On Monday (6 June) morning, around two dozen youth raised pro-Khalistan slogans in Amritsar's Golden Temple and demanded a "Sikh referendum by 2020."
The early-morning drama marked the 32nd anniversary of Operation Blue Star, the Indian Army's 1984 offensive to flush out Sikh separatist Jarnail Singh Bhindranwale and his armed militia from the Golden Temple.
A day before the anniversary, the state government had turned the Golden Temple into a fortress, deploying a three-layered security around the shrine. Simultaneously, more than a hundred hardliners were detained from across the state to ensure peace is not disturbed by pro-Khalistan protesters and activists.
Hardliners had given a call for shutting down Amritsar on the day of the anniversary. But, in the city, it was business as usual.
For the past few years, hardliners have been trying to revive the Khalistan movement in Punjab. On every anniversary of the India Army's operation in the premises of the highest temporal seat of Sikhism, competing groups of hardliners try to ignite the separatist sentiment through slogans, posters and interruptions in religious ceremonies at the Golden Temple. Two years ago, a similar effort was made on Bhindranwale's death anniversary, when overnight posters and slogans hailing him as a martyr had sprung up across Punjab.
Will the hardliners succeed?
In 1984, when Indira Gandhi asked the Army to enter the Golden Temple, the Indian government's principal adversaries were the hardliners led by Bhindranwale's Damdami Taksal. As its religio-political head, the fiery Sikh separatist had positioned the Taksal, headquartered around 40 kilometres from Amritsar, at the vanguard of fundamentalism.
But, in what could be seen as a sign of changing times, the Taksal is now trying to go back to its moderate roots, turning itself into a centre of religious teachings instead of just remaining a custodian of Bhindranwale's legacy and philosophy.
According to a report in the Hindustan Times, in the past couple of years, it has made a concerted effort to recreate itself from the rubble and project itself as not just the custodian of the legacy of Jarnail Singh Bhindranwale, its 14th head, and Guru Gobind Singh, the last Sikh guru, but also the keeper of the ‘purest’ form of Sikhism, wedded to modernity.
Such has been the transformation that Damdami Taksal is now under attack from fringe elements for turning moderate and allying itself with the ruling Shiromani Akal Dal (SAD).

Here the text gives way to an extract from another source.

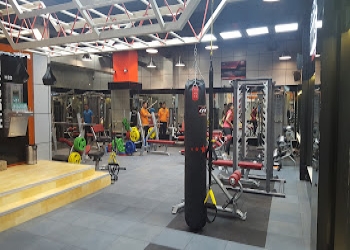 Body-mechanics-Gym-Janakpuri-delhi-Delhi-2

The feeling within Punjab is that the separatist movement is all but dead. Though pro-Khalistan activists still abound in large numbers, their movement exists only at a conceptual level, as a mirage that nobody is willing to chase.
The sentiment is echoed by many. In December 2015, Firstpost met Harpal Singh Cheema, one of the prominent separatist voices in Punjab. At the peak of the Khalistan movement, Cheema was jailed on several occasions in India and in California—on the basis of "classified information." Having fought for a separate state for several decades, Cheema now believes their struggle will now exist only as political movement. "Militancy will never return to Punjab," he had told Firstpost in December.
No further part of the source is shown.